All was not plain sailing this weekend though as I almost got caught up stream without a paddle - Don't worry these jokes will soon make sense! Seeing two silvery fish wrapped up in a plastic bag on the kitchen counter, I boasted about how my own father had taught me how to gut and prepare fish for cooking and since the Cheese's were having a BBQ I decided to gloat a little more than usual in anticipation that the sea creatures contained in the freezer bag were already fully ready for the Barbie. On closer inspection to the deceased critters I realised that whilst they were very much dead, (I washed them and whilst no one was watching played with them pretending I was Ariel the little mermaid and that these were my companions! Yes I know I'm sad!) They were fully in-tacked biologically. Not wanting to look like a tit and trying desperately to show how amazing I am in the kitchen I chopped off the heads of my underwater friends, cut off their tails and fins, and finally ripped out their insides! Giving them a after-life massage with some lemon, salt and pepper I wrapped them in a towel of tin foil and stuck them in the fire pit for all of about five minutes. Its OK though they had three skewers of prawn-y pal's to keep them company whilst they steamed away. I was very impressed with myself and they tasted wonderful.
And goodness me the faux pas didn't begin their either as Friday night we all congregated at a posh local restaurant with the whole Cheese family out to celebrate Pappa Cheese's birthday. Apparently he is near to sixty but I myself cannot see how this is possible since both Momma and Pappa Cheese look so young. Very confusing. Nevertheless the moment come when I had to break the seal. choosing y moment carefully I politely excused myself from the table and made my way across the tinie-weenie restaurant floor to a door in which I thought would lead to a entrance and lavatories. I was taken aback however after entering through said door and noticing that it was an extension of the establishment and tonight was hosting a meeting. Obviously very important and not wanting to disturb such pressing matters I asked shyly where the toilets were. They looked at me with utter disgrace and contempt. The faces stared at me. I stared back. It was a tense battle of wills and I was literally shitting myself. After what seemed like an eternity of angry looks one spokesperson pointed to a door across the room and motioned me to go and inform me that I should not call them toilets I should call them lavatories. Not wanting to upset or disturb the committee any further I hurried along passed the glares. Only as I turned my back to leave I heard a little voice within the group of obvious villagers piped up and whisp-squeeked (Across between squeaking and whispering) "She called them toilets!" To which nearly made me wet myself right there and then.

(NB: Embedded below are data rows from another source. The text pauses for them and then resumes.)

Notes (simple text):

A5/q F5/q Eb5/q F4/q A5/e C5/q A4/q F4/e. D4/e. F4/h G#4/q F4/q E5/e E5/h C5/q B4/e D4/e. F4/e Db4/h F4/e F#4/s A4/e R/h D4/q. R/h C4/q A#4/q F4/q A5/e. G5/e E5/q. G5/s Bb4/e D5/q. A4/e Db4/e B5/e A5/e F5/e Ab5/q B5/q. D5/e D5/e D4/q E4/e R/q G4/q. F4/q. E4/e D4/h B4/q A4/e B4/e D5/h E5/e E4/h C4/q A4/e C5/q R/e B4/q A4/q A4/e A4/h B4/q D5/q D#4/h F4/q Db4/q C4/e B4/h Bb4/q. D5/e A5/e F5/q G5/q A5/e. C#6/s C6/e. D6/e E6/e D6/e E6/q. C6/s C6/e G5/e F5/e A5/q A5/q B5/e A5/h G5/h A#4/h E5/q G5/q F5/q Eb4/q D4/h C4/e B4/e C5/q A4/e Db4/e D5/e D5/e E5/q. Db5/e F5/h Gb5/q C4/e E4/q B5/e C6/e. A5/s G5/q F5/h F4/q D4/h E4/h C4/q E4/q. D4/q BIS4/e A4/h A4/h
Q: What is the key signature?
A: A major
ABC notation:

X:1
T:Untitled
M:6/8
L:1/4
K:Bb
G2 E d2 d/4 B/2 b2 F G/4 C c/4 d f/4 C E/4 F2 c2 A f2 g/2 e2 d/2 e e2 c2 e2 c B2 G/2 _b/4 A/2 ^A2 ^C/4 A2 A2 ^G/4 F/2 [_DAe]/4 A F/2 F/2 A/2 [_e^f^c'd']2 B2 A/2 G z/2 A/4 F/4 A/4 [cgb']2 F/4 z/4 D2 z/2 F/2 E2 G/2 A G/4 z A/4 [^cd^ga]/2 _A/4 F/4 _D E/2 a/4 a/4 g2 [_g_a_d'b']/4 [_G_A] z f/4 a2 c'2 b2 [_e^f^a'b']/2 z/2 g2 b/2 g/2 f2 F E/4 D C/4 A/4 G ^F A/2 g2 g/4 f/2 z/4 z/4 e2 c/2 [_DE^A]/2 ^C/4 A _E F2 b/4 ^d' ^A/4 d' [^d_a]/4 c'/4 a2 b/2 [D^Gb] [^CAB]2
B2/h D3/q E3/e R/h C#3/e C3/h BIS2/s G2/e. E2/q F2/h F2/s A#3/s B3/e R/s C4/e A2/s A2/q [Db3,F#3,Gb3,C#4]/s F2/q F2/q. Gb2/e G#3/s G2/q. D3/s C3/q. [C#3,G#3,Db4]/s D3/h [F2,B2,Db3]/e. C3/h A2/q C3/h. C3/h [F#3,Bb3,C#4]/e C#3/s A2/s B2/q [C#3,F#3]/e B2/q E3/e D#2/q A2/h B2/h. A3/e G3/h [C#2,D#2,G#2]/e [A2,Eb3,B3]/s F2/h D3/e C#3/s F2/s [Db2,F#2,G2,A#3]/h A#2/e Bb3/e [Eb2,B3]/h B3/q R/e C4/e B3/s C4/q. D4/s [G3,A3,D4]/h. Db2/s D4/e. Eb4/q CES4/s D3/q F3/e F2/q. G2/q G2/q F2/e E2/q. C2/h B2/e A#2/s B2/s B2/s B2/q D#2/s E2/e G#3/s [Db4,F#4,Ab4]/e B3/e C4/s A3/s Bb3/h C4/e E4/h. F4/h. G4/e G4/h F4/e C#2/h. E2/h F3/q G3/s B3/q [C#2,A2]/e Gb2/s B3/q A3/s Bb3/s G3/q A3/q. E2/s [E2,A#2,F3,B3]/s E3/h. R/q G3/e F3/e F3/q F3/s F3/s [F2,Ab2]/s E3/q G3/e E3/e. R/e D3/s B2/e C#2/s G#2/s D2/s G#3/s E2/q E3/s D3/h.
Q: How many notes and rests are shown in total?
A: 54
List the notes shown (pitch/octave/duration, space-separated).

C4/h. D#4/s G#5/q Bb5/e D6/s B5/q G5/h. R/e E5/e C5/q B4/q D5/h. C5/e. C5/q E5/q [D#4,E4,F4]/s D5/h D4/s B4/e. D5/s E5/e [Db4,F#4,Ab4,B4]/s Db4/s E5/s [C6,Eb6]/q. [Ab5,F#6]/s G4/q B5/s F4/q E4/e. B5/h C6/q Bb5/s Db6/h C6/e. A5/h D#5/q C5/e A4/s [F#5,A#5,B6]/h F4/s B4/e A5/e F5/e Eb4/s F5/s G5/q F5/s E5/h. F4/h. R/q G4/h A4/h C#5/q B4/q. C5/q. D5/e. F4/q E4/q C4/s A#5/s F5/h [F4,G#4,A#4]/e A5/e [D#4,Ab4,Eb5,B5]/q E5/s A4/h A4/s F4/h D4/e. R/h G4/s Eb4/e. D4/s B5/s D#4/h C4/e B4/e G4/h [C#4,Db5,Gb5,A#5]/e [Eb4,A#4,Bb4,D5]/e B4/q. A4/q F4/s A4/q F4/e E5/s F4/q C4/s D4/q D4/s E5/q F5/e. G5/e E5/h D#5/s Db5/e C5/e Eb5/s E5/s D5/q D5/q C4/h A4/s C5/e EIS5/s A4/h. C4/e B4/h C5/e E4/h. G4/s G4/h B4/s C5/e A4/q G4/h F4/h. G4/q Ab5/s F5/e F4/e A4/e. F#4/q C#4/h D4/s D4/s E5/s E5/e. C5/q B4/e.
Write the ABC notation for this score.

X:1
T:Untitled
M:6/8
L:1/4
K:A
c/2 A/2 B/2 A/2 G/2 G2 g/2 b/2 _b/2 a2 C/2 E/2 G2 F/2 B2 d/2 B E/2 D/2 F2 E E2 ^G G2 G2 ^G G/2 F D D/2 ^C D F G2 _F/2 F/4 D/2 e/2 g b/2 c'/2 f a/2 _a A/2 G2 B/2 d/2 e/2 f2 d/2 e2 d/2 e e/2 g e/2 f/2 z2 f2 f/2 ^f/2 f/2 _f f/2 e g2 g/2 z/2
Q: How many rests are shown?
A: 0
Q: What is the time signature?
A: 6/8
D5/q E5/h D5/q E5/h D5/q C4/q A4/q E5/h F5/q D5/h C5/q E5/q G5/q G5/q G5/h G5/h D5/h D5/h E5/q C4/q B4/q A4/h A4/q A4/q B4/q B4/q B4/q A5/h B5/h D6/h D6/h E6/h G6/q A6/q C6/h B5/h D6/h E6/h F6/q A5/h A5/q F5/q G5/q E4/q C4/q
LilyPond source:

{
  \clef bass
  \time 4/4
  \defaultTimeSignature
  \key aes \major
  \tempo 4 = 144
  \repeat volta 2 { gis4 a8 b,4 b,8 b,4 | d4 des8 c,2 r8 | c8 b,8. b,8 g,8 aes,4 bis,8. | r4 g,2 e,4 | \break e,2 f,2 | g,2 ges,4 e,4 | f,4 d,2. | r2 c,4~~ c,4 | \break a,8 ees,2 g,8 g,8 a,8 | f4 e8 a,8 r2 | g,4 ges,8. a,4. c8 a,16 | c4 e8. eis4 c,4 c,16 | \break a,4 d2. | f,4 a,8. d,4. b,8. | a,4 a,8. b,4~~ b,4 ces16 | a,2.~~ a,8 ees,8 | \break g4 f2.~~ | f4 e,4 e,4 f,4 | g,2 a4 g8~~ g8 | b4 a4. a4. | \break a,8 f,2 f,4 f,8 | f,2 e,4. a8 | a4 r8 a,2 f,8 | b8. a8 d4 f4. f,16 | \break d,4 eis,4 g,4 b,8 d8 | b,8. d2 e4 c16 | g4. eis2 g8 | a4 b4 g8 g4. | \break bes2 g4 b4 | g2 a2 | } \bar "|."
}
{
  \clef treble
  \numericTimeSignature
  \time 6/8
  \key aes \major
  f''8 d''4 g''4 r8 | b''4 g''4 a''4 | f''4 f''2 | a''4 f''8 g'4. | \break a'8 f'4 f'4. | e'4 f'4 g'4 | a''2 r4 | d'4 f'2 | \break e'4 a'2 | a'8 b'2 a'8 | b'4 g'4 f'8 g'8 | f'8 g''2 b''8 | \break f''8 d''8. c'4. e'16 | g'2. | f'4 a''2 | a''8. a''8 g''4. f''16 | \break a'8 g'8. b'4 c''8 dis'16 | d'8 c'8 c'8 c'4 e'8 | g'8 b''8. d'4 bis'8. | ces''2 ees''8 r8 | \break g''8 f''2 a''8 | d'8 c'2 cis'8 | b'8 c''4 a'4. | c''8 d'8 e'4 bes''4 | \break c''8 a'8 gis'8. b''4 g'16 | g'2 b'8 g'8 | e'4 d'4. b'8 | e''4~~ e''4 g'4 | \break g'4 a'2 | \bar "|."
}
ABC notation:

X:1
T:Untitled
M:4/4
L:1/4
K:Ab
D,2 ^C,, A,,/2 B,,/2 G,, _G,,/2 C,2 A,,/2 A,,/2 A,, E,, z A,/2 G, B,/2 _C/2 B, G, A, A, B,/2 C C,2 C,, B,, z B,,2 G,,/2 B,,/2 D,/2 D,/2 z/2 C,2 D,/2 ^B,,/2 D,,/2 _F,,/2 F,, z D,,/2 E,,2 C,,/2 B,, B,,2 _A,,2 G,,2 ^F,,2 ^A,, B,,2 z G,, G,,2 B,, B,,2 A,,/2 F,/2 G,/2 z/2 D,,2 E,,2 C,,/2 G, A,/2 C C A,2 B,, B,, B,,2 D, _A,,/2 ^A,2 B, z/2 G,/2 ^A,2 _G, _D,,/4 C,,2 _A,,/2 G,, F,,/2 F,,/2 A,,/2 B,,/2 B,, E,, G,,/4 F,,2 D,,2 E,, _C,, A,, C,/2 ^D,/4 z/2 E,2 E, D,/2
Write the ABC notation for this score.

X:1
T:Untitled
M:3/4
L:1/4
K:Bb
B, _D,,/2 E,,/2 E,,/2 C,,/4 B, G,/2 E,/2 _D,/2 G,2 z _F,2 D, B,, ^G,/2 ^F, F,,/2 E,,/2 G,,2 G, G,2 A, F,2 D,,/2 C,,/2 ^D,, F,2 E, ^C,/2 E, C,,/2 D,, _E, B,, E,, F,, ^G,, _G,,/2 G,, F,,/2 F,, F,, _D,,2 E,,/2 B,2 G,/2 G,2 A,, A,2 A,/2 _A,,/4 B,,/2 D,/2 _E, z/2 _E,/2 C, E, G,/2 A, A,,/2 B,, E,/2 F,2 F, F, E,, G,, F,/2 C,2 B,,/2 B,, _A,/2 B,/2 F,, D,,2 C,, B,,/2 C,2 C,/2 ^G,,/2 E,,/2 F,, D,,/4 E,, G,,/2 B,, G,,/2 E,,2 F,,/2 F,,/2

As I sat on said throne I took a moment to realise what had actually in real-life, really happen. Not only had I used the incorrect phrase to describe such an act of nature but I had also just walked in and through what can only be seen as a regular meeting held by the Federation of Fouling. Other witty names I came up with at the table included 'The Toilet Committee' and the 'Poo Police' - All of which gave at least a chuckle when I explained what was on the other side of the rightly coloured, brown door. Although on later reflection I realise now that they were all involved with SHITT - the Society Held In Toilet Terminology.
Laughs and giggles aside now though as I have a hectic week ahead of me! Tomorrow I am meeting up with Miss Chocolate to hear all about her life and liaisons. then on Friday is the first wedding of a friend - The marriage of Miss Bride and her fiancé whom I have both known for years and are a wonderful couple. Sunday I have the joy of spending it with my favourite ladies, Miss Tweedle-Dee, Miss Tweedle-Dumb and Miss Stuu for a lovely, hopefully sunny day out in Brighton for Miss Tweedle-Dumb's Birthday! A busy weekend jam-packed with family, friends and fun. Finally though after what seems like forever I have a normal social life again. And this time it even includes some regular exercise.
'Til next time, Love A.Lou xx
Labels:
Bank Holiday,
Birthday,
Bliss,
Boyfriend,
Brown-Town,
Family,
Fish,
Friends,
Laugh,
Love,
Loved-Up,
Marriage,
Miss Chocolate,
Miss Tweedle-Dee,
Miss Tweedle-Dumb,
Mr. Cheese,
Sunny,
Toilets,
Wedding
Location:
Bedford, UK
Monday, 5 May 2014
Another Bank Holiday Weekend In Style!
Bloggers Note: I have recently decided to start a thing going whereby if you yourself have a 'Trial or Tribulation' that I can help with then feel free to drop me a free and fully confidential message by popping it on a mini form in the right-hand sidebar or email me at: Abbbey4@gmail.com :) xx
Good Evening One and All,
So after the latest drama surrounding mine and Mr. Cheese's relationship last week I have has a somewhat change of heart. I don't know what it is but maybe its a culmination of this weekend's events that have left me feeling somewhat very different than how I usually feel when writing to you all on a Monday evening after spending time with the Boyfriend.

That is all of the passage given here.